An exact copy of the listing below is required, minus its pictures.

## [Records supplied]
◆ ◆ ◆ ◆ ◆

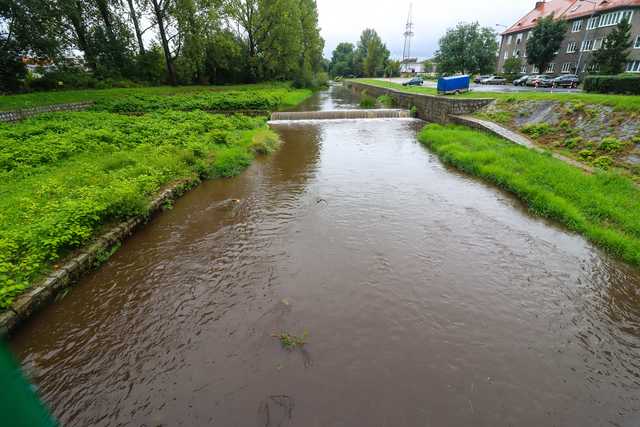 Deszcz, worki i piasek. Mieszkańcy powiatu świdnickiego z niepokojem patrzą w niebo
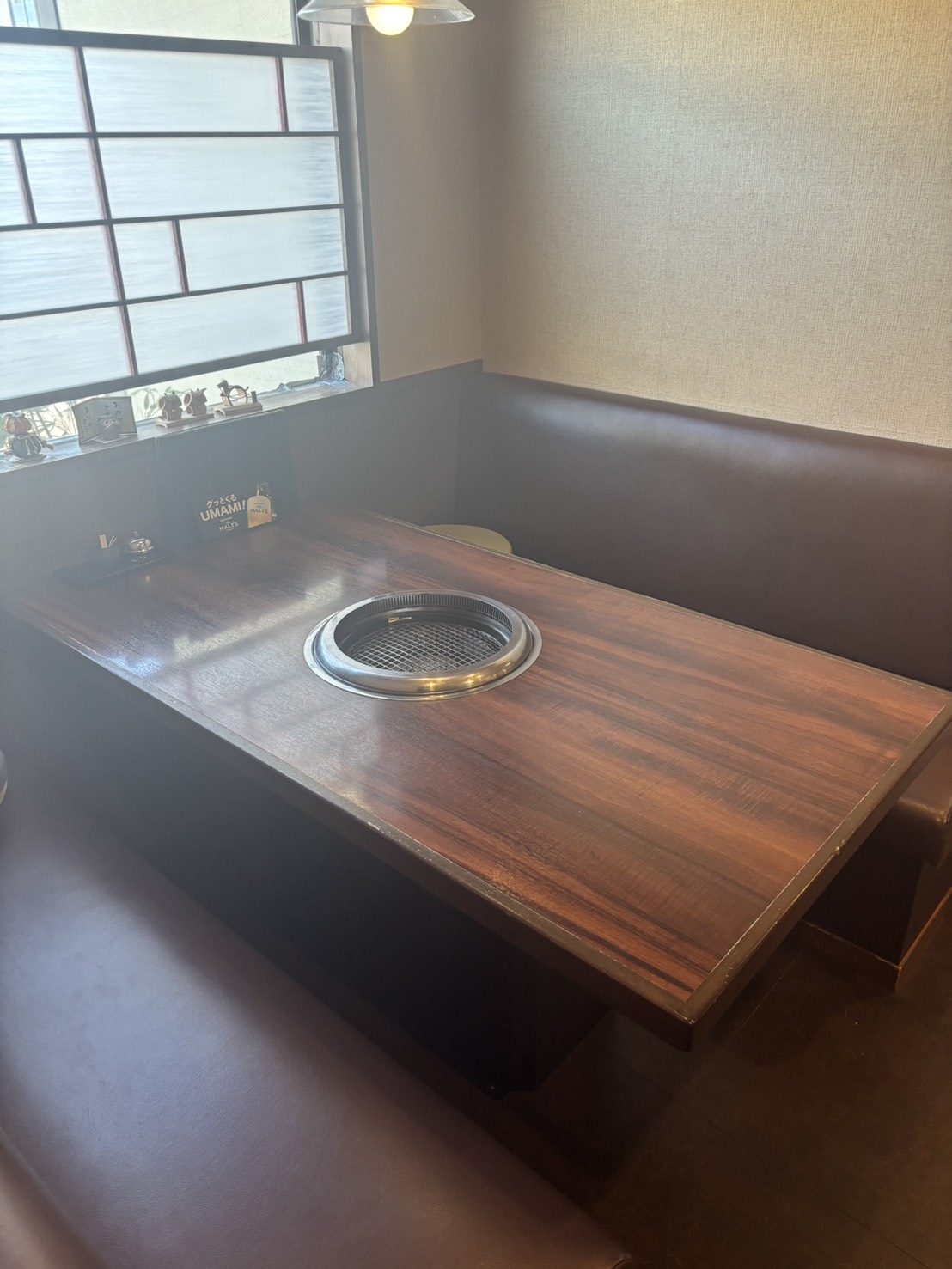 焼肉野路 店内の雰囲気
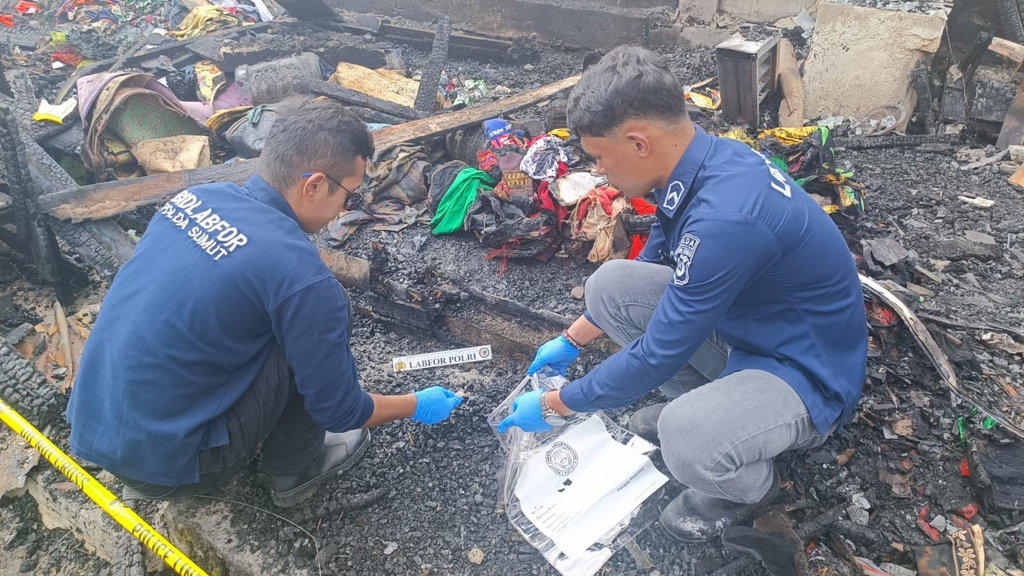TKP kebakaran rumah wartawan Tribrata TV Rico Sempurna Pasaribu di Karo, Sumatra Utara. Foto/Dok. Polda Sumut. Rumah Wartawan Tribatra TV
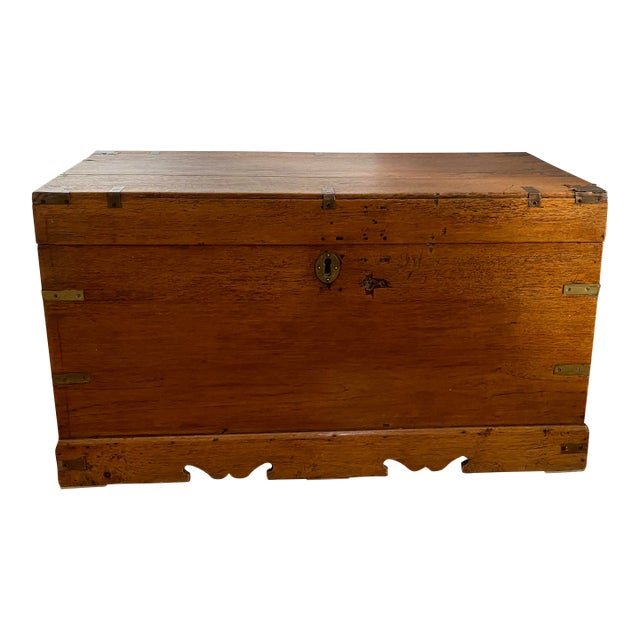 Flemish Dough Bin in Mahogany - Antique Late 19th Century For Sale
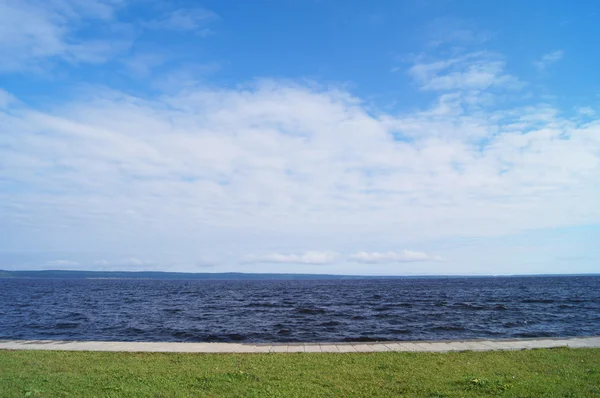 Lake, the sky and grass. Petrozavodsk, Russia, Karelia — Stock Photo, Image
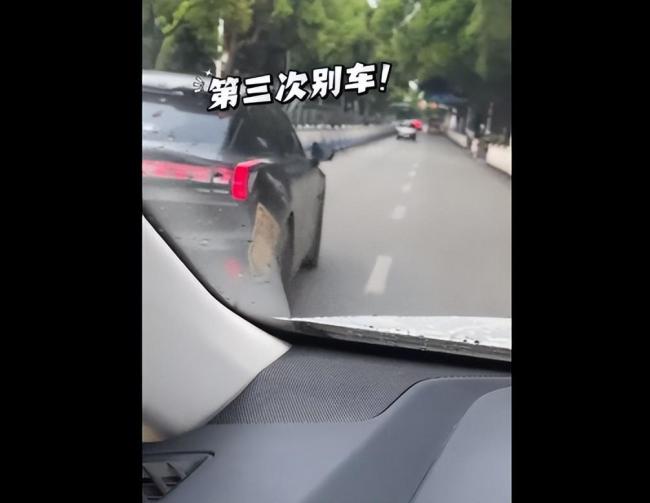司机不满后车喇叭催促恶意别车被罚款 路怒行为害人害己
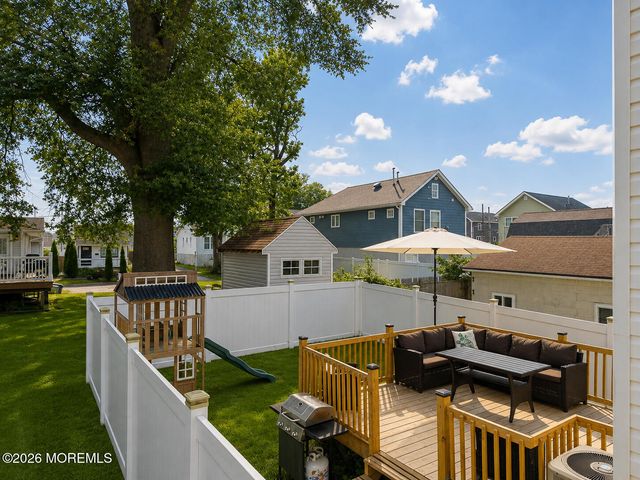 816 Center Street, Union Beach, NJ 07735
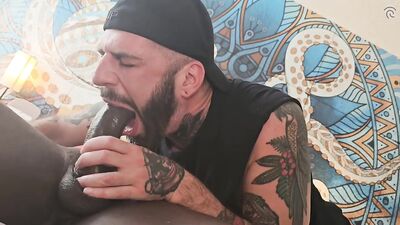 Sucking Kingston Blaze s Huge Cock Romeo Davis XL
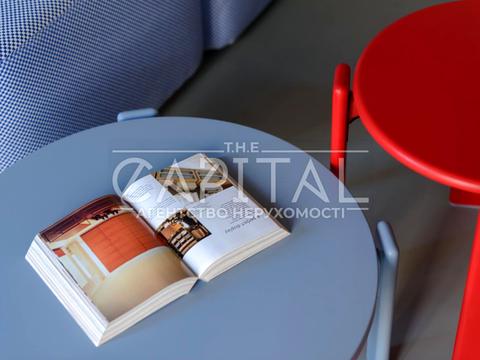 комерційна за адресою Жилянська вул., 5/60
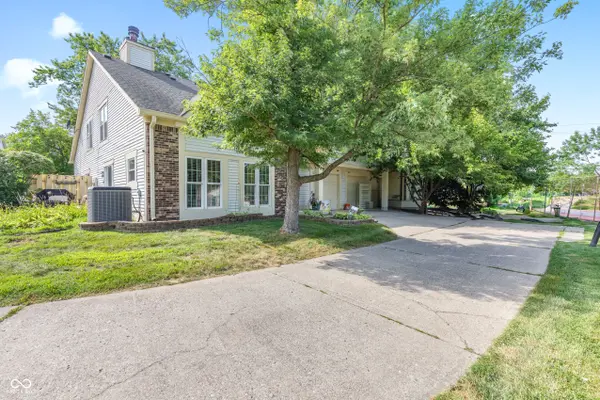 2458 Chaseway CT, Indianapolis, IN 46268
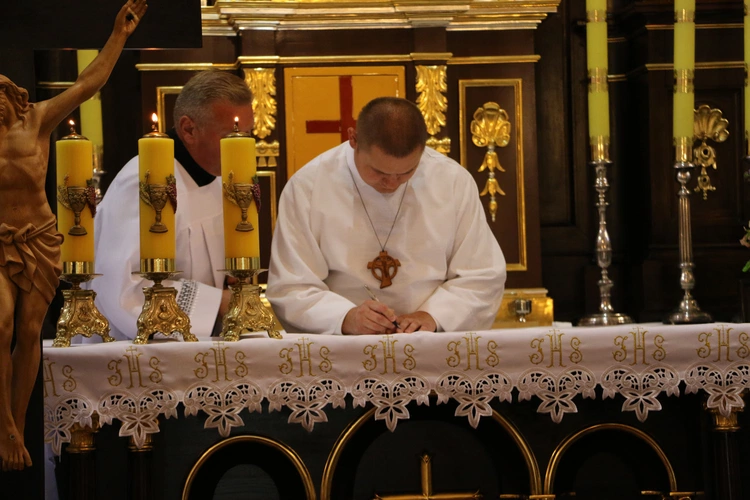 Joniec. Poświęcenie nowego ołtarza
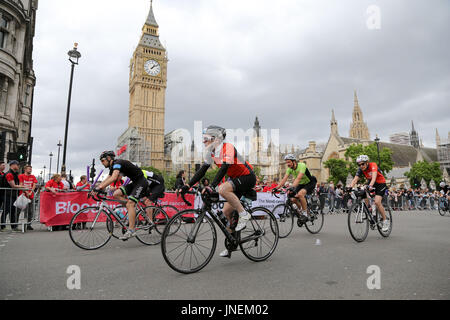 Londra, Regno Unito. Il 30 luglio, 2017. Piloti passa il Big Ben nel Prudential London-Surrey 100 sfida del ciclo. Migliaia di piloti prendere parte all'annuale RideLondon prudenziali, Surrey 100 e la classica manifestazione ciclistica. La 140km di corsa su strada in partenza e a Londra centrale. Il percorso è basato sul corso utilizzato durante le Olimpiadi del 2012 e tiene i piloti fuori Londra nel Surrey Hills. Credito: Dinendra Haria/Alamy Live News Foto Stock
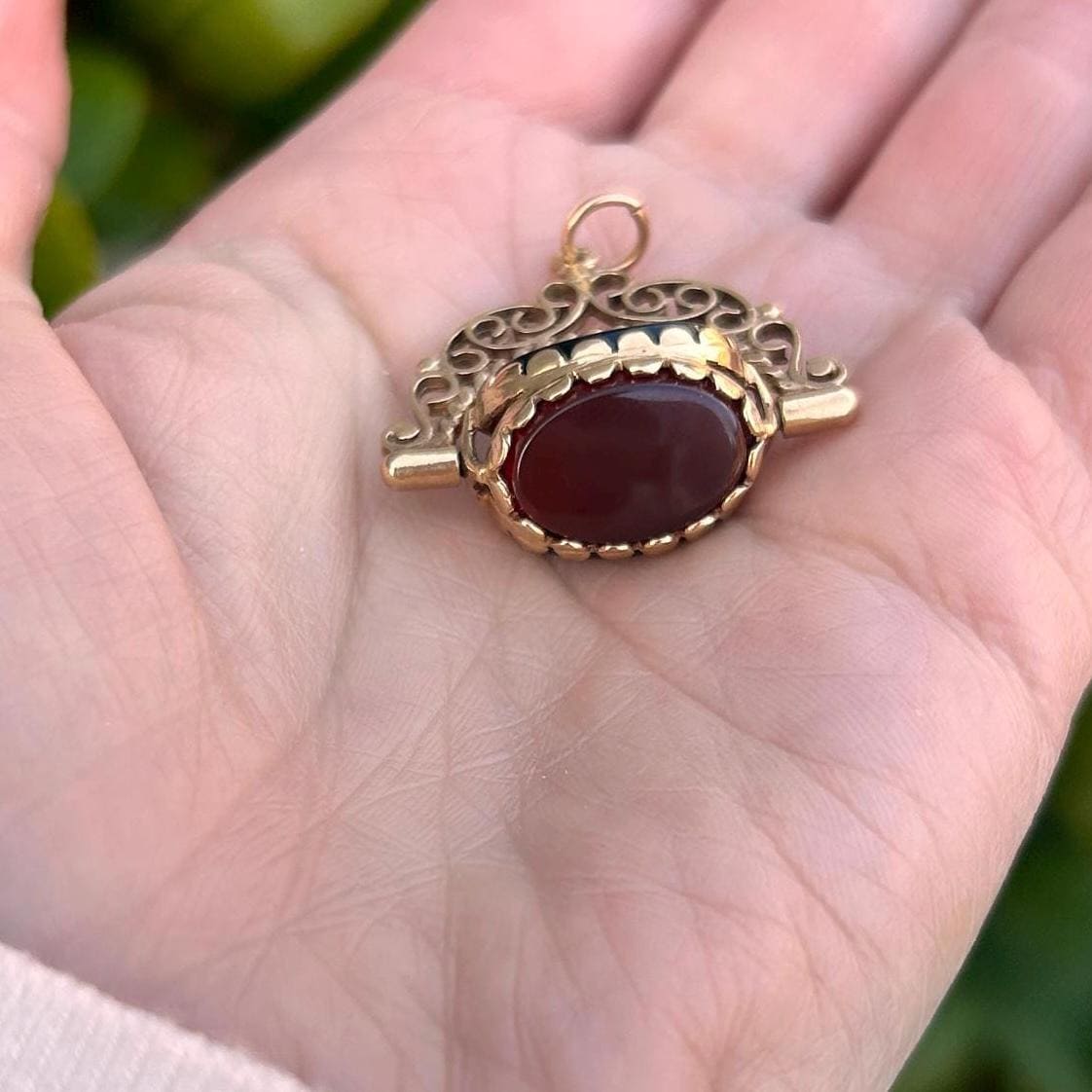 Vintage 9ct Gold Spinning Fob Agate, Onyx and Bloodstone Pendant / Charm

◆ ◆ ◆ ◆ ◆

## [Written response]
 Deszcz, worki i piasek. Mieszkańcy powiatu świdnickiego z niepokojem patrzą w niebo
 焼肉野路 店内の雰囲気
TKP kebakaran rumah wartawan Tribrata TV Rico Sempurna Pasaribu di Karo, Sumatra Utara. Foto/Dok. Polda Sumut. Rumah Wartawan Tribatra TV
 Flemish Dough Bin in Mahogany - Antique Late 19th Century For Sale
 Lake, the sky and grass. Petrozavodsk, Russia, Karelia — Stock Photo, Image
司机不满后车喇叭催促恶意别车被罚款 路怒行为害人害己
 816 Center Street, Union Beach, NJ 07735
 Sucking Kingston Blaze s Huge Cock Romeo Davis XL
 комерційна за адресою Жилянська вул., 5/60
 2458 Chaseway CT, Indianapolis, IN 46268
 Joniec. Poświęcenie nowego ołtarza
 Londra, Regno Unito. Il 30 luglio, 2017. Piloti passa il Big Ben nel Prudential London-Surrey 100 sfida del ciclo. Migliaia di piloti prendere parte all'annuale RideLondon prudenziali, Surrey 100 e la classica manifestazione ciclistica. La 140km di corsa su strada in partenza e a Londra centrale. Il percorso è basato sul corso utilizzato durante le Olimpiadi del 2012 e tiene i piloti fuori Londra nel Surrey Hills. Credito: Dinendra Haria/Alamy Live News Foto Stock
 Vintage 9ct Gold Spinning Fob Agate, Onyx and Bloodstone Pendant / Charm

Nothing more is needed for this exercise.